I wrote this in reply to this Facebook status from a Green Party candidate:

A question for all my green yet not Green friends – what might stop you voting for us? Genuinely interested as there seem to be a lot of people that I know who are working really hard to help make Bristol a greener city, but then vote for someone else. Cheers.

It’s really frustrating isn’t it? You look at both the policies and discover that 25% of the country would vote Green, but actually they don’t and won’t. I feel your pain.

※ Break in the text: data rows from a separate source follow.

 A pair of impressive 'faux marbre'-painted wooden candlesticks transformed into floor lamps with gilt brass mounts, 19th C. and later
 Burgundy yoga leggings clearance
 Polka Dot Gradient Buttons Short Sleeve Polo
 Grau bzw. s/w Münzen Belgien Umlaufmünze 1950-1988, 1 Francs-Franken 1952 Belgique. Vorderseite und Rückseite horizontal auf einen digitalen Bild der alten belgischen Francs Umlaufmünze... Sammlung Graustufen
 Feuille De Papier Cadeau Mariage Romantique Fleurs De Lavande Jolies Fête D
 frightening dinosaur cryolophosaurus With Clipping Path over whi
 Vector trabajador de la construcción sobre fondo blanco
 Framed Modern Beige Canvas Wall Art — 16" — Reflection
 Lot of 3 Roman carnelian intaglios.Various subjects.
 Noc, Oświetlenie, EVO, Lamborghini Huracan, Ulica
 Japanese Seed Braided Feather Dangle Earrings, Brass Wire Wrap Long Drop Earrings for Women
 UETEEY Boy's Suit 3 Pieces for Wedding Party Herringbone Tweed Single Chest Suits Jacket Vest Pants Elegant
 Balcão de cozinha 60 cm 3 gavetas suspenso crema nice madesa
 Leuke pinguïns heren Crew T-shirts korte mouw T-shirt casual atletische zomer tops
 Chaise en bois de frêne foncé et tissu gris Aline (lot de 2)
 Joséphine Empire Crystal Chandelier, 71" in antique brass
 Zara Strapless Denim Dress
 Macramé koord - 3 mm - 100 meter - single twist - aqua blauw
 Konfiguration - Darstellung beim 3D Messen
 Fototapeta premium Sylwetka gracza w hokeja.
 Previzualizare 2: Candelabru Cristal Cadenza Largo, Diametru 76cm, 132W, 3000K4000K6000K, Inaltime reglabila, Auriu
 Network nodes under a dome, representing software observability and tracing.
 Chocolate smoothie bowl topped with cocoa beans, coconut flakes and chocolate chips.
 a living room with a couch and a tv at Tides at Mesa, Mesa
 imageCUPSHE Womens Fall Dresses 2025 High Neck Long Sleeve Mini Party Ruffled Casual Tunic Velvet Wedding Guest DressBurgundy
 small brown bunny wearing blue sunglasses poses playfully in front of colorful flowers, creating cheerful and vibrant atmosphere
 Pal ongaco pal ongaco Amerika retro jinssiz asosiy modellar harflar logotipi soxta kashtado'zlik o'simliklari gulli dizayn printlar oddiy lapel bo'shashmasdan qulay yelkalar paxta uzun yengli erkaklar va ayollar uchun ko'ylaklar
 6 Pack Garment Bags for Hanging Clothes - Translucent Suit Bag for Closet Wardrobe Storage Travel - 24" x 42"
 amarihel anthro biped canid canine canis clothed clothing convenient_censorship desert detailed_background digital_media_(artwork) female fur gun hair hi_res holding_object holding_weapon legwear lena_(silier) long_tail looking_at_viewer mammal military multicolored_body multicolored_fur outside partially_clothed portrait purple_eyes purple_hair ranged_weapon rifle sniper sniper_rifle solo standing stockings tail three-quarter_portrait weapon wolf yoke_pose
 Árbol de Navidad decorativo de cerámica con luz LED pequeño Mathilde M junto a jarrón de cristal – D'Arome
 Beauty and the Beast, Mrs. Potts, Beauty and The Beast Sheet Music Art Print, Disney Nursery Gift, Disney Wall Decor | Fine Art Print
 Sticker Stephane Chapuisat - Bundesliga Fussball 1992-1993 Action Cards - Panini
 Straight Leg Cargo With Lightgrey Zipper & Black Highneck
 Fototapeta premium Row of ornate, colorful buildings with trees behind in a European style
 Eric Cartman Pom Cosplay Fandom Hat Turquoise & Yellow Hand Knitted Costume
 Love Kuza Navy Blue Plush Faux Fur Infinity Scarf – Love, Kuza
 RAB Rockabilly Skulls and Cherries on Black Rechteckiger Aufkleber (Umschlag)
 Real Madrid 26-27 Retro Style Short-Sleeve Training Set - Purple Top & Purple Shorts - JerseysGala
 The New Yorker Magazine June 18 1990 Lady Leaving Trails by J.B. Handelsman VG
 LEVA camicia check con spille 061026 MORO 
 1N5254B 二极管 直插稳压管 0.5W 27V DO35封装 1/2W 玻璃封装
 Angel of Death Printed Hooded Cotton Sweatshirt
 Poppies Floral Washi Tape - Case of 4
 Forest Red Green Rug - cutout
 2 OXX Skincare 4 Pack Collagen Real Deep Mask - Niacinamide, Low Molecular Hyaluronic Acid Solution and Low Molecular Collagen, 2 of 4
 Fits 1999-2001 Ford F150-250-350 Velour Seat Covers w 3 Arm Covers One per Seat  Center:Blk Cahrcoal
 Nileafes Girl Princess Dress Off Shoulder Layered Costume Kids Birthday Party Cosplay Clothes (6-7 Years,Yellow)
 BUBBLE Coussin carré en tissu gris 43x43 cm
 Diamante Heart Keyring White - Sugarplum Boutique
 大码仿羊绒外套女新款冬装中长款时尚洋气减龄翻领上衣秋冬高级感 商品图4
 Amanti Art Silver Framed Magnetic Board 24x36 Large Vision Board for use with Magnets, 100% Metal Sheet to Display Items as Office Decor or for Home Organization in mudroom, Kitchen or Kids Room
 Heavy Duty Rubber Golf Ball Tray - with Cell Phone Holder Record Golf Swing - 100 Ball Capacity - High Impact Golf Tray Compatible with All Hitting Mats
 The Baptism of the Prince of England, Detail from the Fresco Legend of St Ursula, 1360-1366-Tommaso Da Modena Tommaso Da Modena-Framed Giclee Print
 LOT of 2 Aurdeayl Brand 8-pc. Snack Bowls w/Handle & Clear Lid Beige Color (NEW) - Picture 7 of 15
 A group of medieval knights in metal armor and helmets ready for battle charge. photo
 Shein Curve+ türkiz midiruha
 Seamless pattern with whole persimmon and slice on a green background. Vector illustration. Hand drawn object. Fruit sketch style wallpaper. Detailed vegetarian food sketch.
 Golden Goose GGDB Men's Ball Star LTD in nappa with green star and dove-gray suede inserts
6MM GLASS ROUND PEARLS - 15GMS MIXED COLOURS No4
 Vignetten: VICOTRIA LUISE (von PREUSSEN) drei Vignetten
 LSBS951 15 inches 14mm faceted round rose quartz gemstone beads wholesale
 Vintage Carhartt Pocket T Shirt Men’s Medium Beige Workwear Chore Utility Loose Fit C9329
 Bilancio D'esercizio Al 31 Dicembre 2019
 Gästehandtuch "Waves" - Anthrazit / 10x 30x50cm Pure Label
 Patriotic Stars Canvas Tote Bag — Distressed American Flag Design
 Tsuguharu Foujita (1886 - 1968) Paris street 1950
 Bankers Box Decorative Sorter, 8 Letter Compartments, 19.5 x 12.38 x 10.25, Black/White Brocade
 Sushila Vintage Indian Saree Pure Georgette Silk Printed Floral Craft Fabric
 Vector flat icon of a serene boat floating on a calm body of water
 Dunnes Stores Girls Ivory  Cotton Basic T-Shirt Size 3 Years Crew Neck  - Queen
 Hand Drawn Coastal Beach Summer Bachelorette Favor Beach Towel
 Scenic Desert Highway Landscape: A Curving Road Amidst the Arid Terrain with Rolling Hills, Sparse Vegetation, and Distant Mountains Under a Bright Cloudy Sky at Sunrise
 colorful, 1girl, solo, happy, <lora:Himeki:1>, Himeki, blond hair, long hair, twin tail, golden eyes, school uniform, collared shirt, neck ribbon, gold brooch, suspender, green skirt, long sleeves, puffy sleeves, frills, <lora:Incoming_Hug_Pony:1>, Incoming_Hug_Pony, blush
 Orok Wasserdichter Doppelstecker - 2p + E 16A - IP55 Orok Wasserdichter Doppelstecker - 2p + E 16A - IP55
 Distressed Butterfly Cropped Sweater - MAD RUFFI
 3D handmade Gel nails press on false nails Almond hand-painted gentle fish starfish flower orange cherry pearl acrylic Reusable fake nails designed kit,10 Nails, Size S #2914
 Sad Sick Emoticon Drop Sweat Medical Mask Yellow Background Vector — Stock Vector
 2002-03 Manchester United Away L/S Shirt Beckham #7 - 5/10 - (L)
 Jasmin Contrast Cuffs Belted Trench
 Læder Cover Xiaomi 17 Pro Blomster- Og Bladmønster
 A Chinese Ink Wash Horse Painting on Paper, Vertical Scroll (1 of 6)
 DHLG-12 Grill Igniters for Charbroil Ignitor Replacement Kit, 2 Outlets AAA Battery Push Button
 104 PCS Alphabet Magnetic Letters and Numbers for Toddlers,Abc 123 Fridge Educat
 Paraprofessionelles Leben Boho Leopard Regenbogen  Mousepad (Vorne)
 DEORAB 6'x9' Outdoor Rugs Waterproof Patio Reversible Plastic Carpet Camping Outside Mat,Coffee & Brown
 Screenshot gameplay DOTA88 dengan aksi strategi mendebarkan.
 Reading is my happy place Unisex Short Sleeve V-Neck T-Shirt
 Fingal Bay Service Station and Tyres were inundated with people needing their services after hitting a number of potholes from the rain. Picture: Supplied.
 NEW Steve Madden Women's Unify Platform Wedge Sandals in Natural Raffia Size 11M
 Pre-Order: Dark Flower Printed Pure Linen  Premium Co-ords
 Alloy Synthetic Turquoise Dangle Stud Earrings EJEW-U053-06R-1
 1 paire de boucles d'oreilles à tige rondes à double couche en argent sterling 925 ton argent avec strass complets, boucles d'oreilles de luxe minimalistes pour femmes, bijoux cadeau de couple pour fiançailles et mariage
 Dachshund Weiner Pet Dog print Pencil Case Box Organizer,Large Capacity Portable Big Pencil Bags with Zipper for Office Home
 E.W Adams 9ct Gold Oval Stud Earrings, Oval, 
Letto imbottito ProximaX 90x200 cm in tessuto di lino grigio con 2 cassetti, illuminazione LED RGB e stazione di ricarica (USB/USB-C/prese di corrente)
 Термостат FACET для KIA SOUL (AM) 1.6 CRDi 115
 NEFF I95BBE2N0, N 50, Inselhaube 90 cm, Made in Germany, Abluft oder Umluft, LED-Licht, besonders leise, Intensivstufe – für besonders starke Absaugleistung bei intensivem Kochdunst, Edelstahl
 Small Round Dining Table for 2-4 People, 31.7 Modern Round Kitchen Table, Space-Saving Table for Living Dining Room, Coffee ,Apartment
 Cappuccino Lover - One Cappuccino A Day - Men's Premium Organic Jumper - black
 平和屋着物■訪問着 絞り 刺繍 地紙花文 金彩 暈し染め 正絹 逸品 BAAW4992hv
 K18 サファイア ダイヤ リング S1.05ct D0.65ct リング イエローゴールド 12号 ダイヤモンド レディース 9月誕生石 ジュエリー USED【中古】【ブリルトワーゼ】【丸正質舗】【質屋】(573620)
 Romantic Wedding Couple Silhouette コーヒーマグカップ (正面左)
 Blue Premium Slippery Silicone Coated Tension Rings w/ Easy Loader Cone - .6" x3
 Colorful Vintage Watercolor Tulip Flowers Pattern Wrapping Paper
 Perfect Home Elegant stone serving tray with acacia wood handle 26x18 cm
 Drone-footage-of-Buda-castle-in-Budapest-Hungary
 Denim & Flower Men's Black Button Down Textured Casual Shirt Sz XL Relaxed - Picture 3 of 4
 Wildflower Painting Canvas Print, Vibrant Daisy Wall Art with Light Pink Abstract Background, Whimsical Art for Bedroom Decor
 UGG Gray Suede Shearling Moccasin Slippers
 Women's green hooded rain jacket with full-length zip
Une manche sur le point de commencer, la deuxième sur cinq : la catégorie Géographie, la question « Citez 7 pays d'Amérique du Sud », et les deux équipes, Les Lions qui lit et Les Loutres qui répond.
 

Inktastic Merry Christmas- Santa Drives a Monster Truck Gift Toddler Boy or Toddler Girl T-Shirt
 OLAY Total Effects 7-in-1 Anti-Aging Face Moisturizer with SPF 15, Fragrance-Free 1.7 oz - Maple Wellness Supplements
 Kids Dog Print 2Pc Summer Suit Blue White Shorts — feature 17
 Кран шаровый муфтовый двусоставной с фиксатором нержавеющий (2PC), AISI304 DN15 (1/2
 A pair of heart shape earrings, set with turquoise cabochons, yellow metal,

  1. Have a clear and compelling vision. There is a simple narrative in here about civilised society, dignity, fairness, opportunity, flourishing. And it’s lost. Get better copywriters. (PS yes, clearly it’s complicated and systemic, but that’s what copywriters DO. Also: be strong on the change process: talk intelligently about sliding scale regulation / phased transition / localised protoyping. Anyone can describe a rainbow, but tell me how you’re going to make it and you’ve got my attention.)
  2. Raise the bottom bar, not the top one. People think that being green’s all about increasing amounts of individual pain and self-flagellation, whereas in fact it’s mostly about not letting a small number of people be dicks who are being unfair and hurting the rest of us. Their ‘freedom TO’ is hurting our ‘freedom FROM’. Talk of decency and harm and freedom and you appeal to left AND right.
  3. Do more to dispel fear and uncertainty. The future is weird and frightening and I’m not sure things are going to work. Provide strong simple points why we should try, and describe in beautiful enticing detail the size of the prize; though provide awareness of back-up plans if it doesn’t work out. (Yes, backup plans: the public is surprisingly rational if you have the balls to punch through the media.)

    green party3

  4. Talk THROUGH the media. Have some balls. Say what you want to say and talk directly to the fighting spirit and pride and hope in all of us. Natalie Bennett’s good at it, Lucas is great but very ‘safe’. You need some ‘stirrers’ up there: people who can appeal with conviction to the Greatness lying dormant in British souls (Nationalist vernacular intended because it would be nice to believe that it SHOULD stand for a set of conscientious progressive and responsible values).
  5. Engage citizens in dialogue. There’s a lot of complicated weirdness coming our way. It’s true that smart people have answers to some of the challenges, but those answers are quite hard to grasp when you’ve grown up in the 20th century. Invite ideas, sprinkle discussions, and aim to get enough of us to tip the balance. As a society we need to go through the process of deeply understanding solutions any implementations. That’s going to take a lot of conversations. Start them.green party2
  6. Engage citizens in action. The scope of what needs to be done is epic. The moon was EASY by comparison. We all need to be involved, and god knows we’re listless and frustrated at the moment. Give us something to DO.
  7. Claim the future (for all of us). You’re the only team that has a vision that’s even moderately mindful of the coming reality. It’s yours. Own it. PS I’ve not heard anything much about robots and AI. Get on the case – it’s a strong narrative which needs addressing, quickly. No other party is bold enough to have that conversation. Embrace it as a point to start the conversation about WHY your policies make sense.
  8. Prepare for Government. At the moment it’s all Lucas Lucas Lucas. “Caroline needs your support” “Caroline needs you”. Spread the love, get your smart faces out there and let us hear the wisdom. Right now I’m assuming there isn’t any, and that you’re like UKIP: one charismatic person and a hundred ideological nutcases. I mean, dammit they even upholstered the benches for you.2701153820_0f29d46bf4_z
  9. Get a better website with clear language and engaging videos which supports this and helps us navigate in snackable chunks. The current one sucks.
  10. Rebrand and reposition to stop being so single issue. Everyone says it and still it never happens. Why? “Because we’ll lose core support”. Maybe so, maybe not. Either way, they’re in the minority vs all the people who AREN’T voting for you.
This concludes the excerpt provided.